In October 2006 the committee of the New Zealand branch of Clan Chisholm Society passed a motion of support for the DNA project. In October 2007 the project was given International Clan Council approval. A pdf file is available for download at the Clan Chisholm Society website http://www.clanchisholmsociety.org/. This is entitled "Blood of the Clan" and gives more detail and analysis of the results. The report is updated as and when required, so check this file regularly. A notice has been placed on the Ancestry.com and rootsweb discussion boards to invite participation in the project.

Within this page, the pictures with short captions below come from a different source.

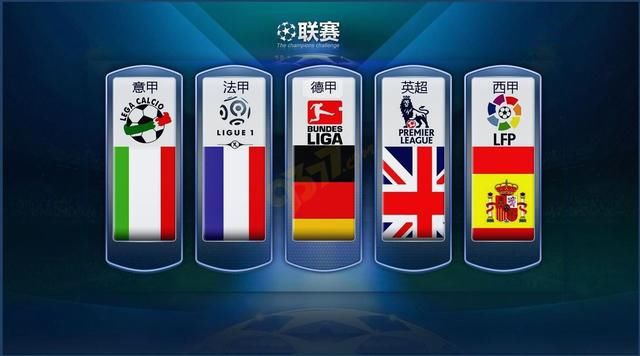 界试图塑造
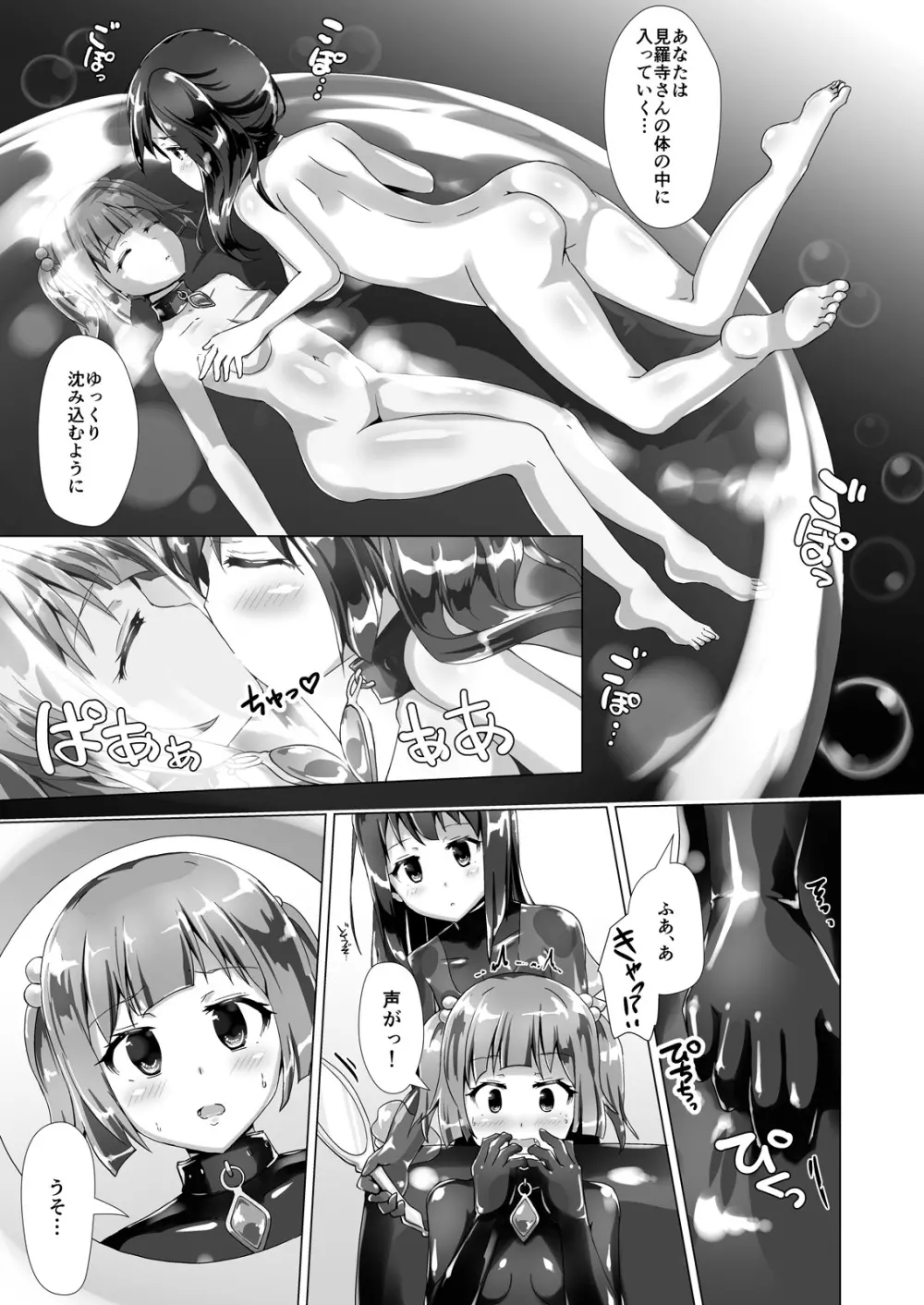 ユメ渡りの女王様 night 2 Page.14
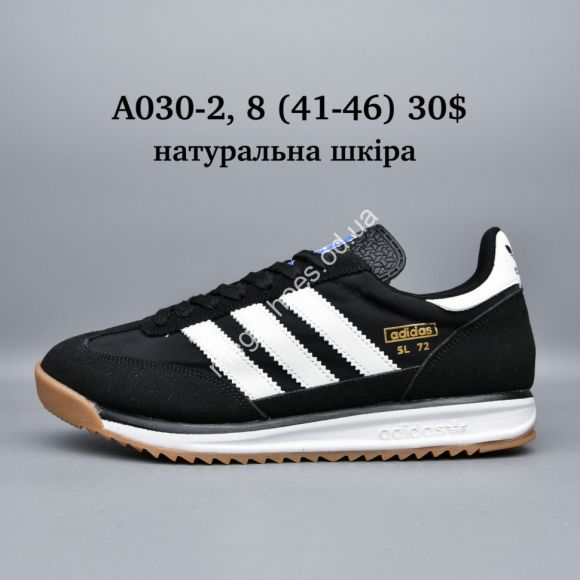 Мужская обувь - Мужские кроссовки Adidas SL72 натуральная кожа A030-2 AF - купить оптом в Одессе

Our greatest need at this time is to have males test who have good paper trails to ancestry in Scotland or the Border so we can help those who have emigrated find genetic cousins. The project has gained critical mass, with a membership exceeding 60. Be part of this, enroll on line now.  Vikings and Gaels, Angles and Picts, Britons and Spaniards, Highlanders and Lowlanders, we have them all, plus several more. What are you? Mark out your Chisholm bloodline!

Project Explanation

Males pass Y-DNA only to their male children. The results of the Y-DNA testing are found in Y Results and are grouped first by Y-DNA haplogroups, then by matching groups. (For geographic description of Y-DNA Haplogroups see Results.) The locations on the Y-DNA chromosome are called markers and have names such as DYS390, DYS381, etc. The numbers represent repeats of patterns and are called allele repeats. Men who are in the same haplogroup and also have similar numbers of allele repeats are grouped to form family units. Those who have tested at ONLY Y-DNA12 or Y-DNA25 are encouraged to go to Order Tests and Upgrades and upgrade to either Y-DNA37 or Y-DNA67 so they can accurately be placed in their proper grouping.

Females pass mtDNA to all their children, but males cannot pass it to the next generation. Therefore, both males and females can test their mtDNA which comes from their maternal line. In mtDNA Results, the results are grouped in mtDNA Haplogroups (for geographical definitions see Results). HVR1 and HVR2 represent different areas of the mtDNA and the numbers listed indicate the mutation signature in each area. People with the same haplogroup and same sets of mutations in both HVR1 and HVR2 have a common ancestor, but since mtDNA mutations much more slowly then Y-DNA and people are less likely to know their straight female line back many generations, identifying and naming common ancestors is less likely with mtDNA than with Y-DNA.